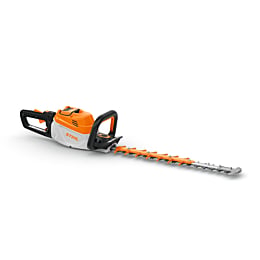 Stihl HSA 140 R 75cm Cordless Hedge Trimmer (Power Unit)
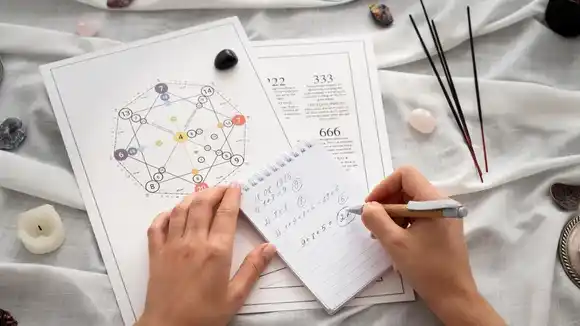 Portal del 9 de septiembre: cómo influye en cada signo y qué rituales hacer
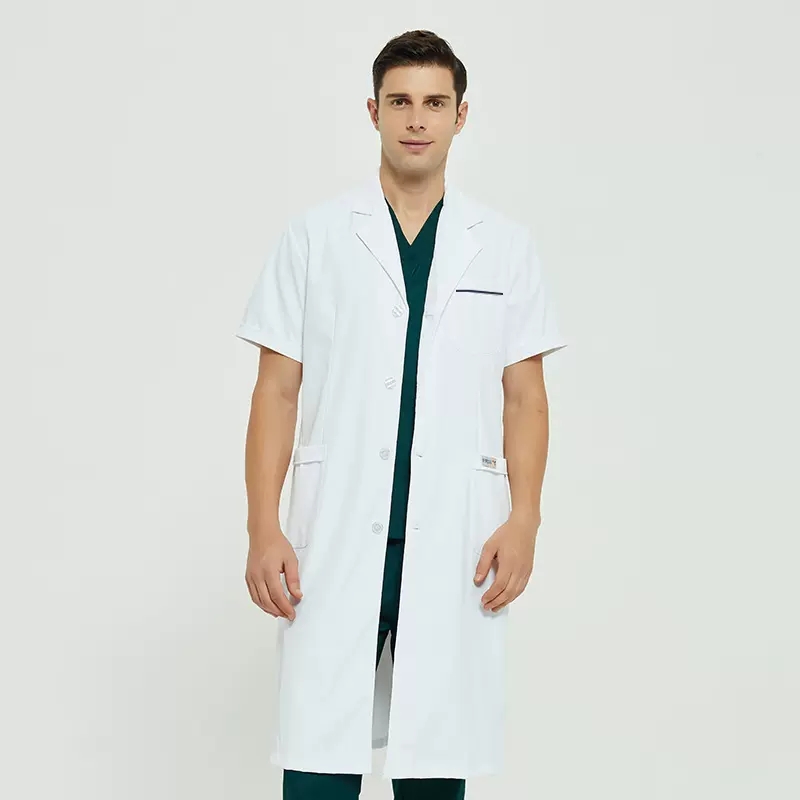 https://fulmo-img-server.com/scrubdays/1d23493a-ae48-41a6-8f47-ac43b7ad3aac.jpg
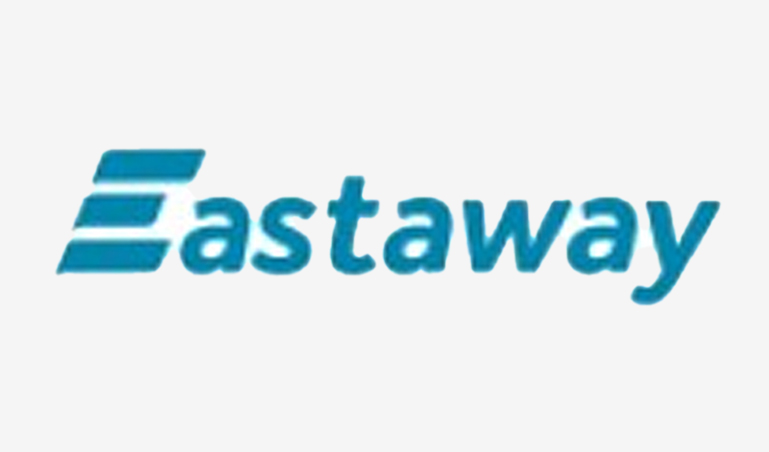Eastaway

### What the task asks
An unaltered copy of the material, without images, should be set down.

### Finished task
 Stihl HSA 140 R 75cm Cordless Hedge Trimmer (Power Unit)
 Portal del 9 de septiembre: cómo influye en cada signo y qué rituales hacer
 https://fulmo-img-server.com/scrubdays/1d23493a-ae48-41a6-8f47-ac43b7ad3aac.jpg
Eastaway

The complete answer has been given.